> Problem to solve
Word for word, copy out the data below, omitting pictures.

> The data
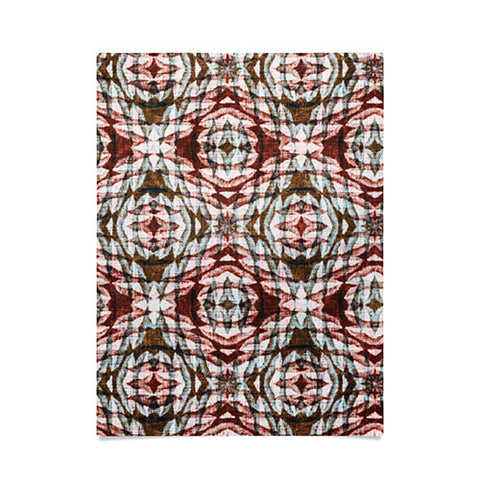 Marta Barragan Camarasa Mosaic bohemian style 23 Poster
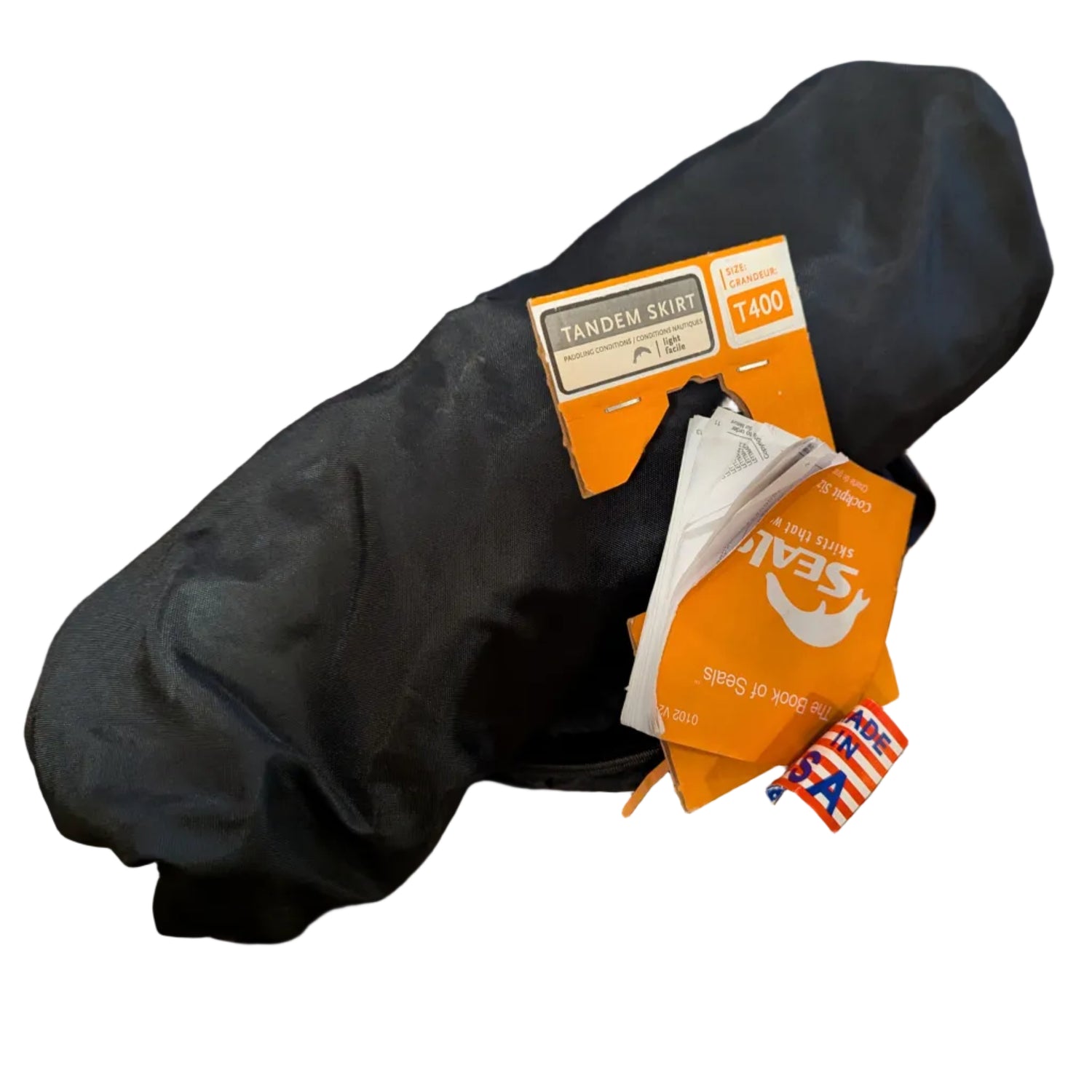 Seals Tandem Spray Skirt V1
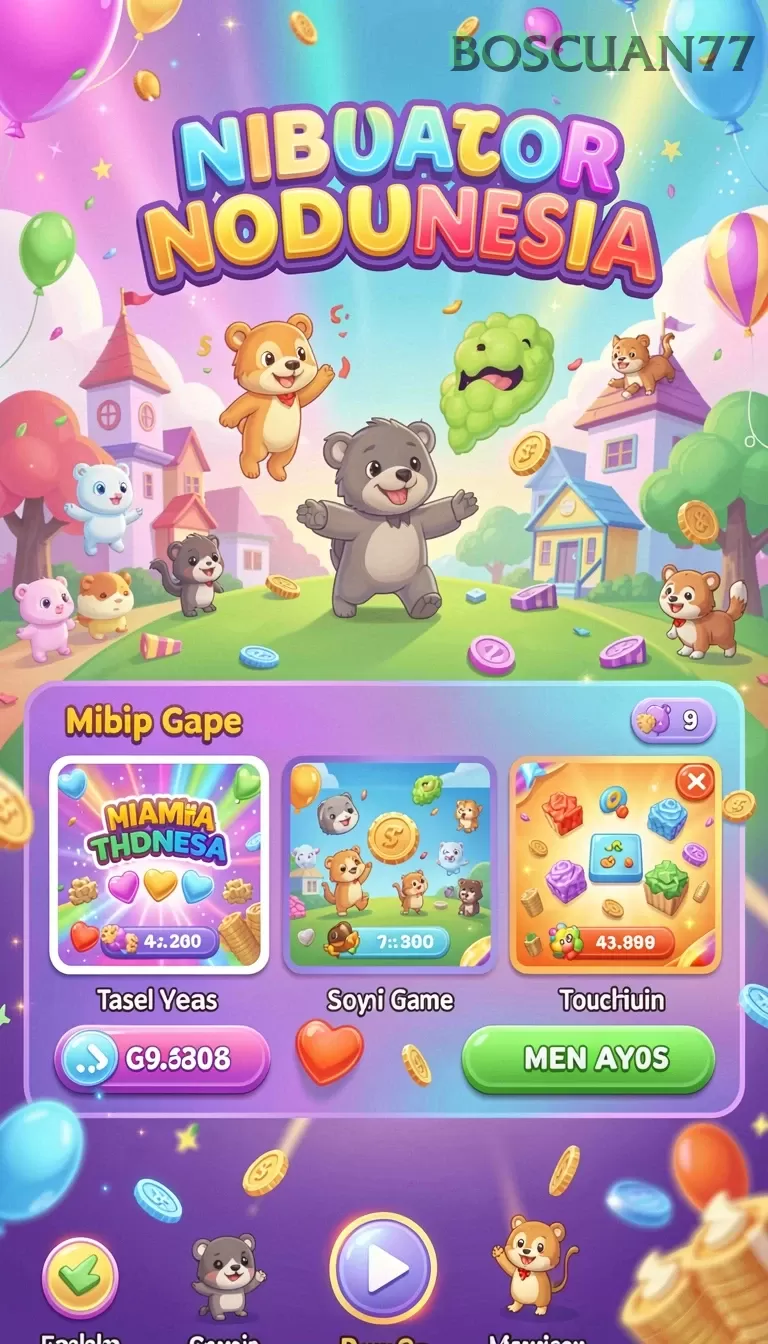 Cuplikan layar SLOT138 — halaman utama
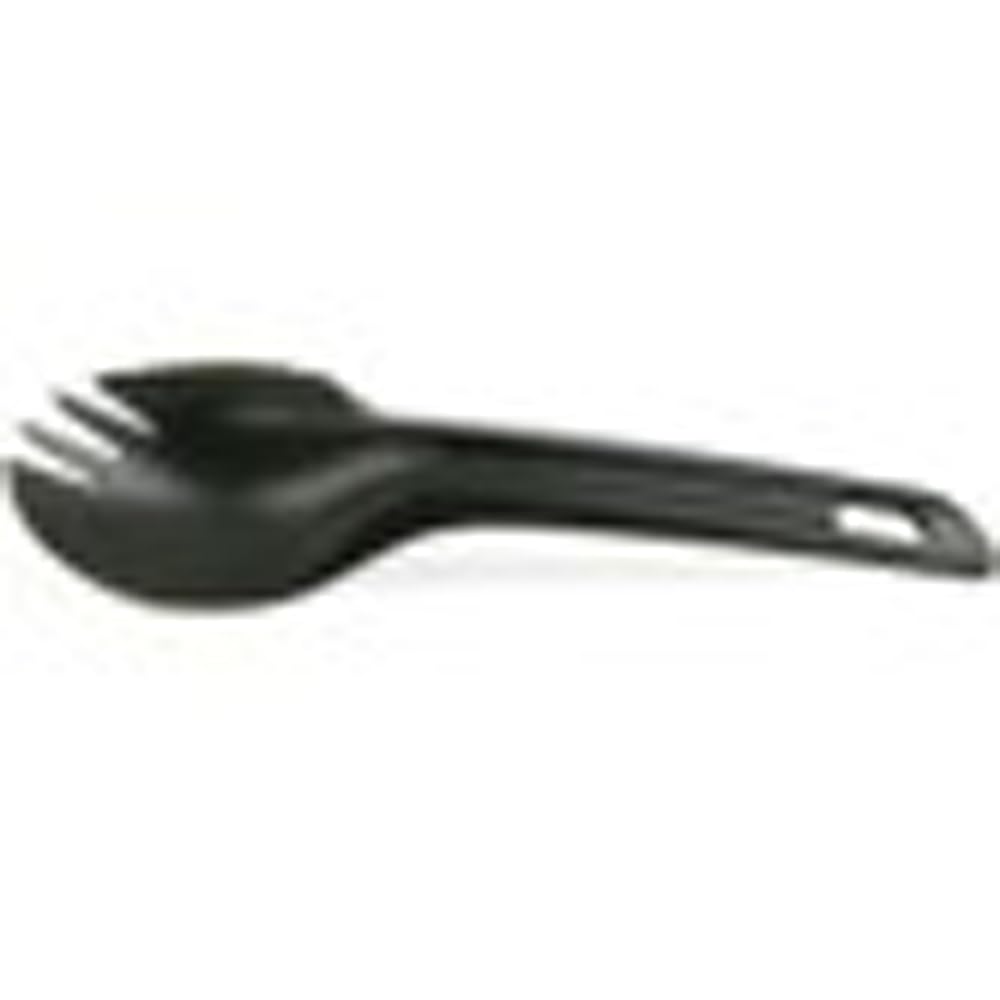 Wildo Proforce Equipment Olive 1-Piece Reusable Spork, Plastic, Contemporary Style, Portable, Dishwasher Safe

> Task response
 Marta Barragan Camarasa Mosaic bohemian style 23 Poster
 Seals Tandem Spray Skirt V1
 Cuplikan layar SLOT138 — halaman utama
 Wildo Proforce Equipment Olive 1-Piece Reusable Spork, Plastic, Contemporary Style, Portable, Dishwasher Safe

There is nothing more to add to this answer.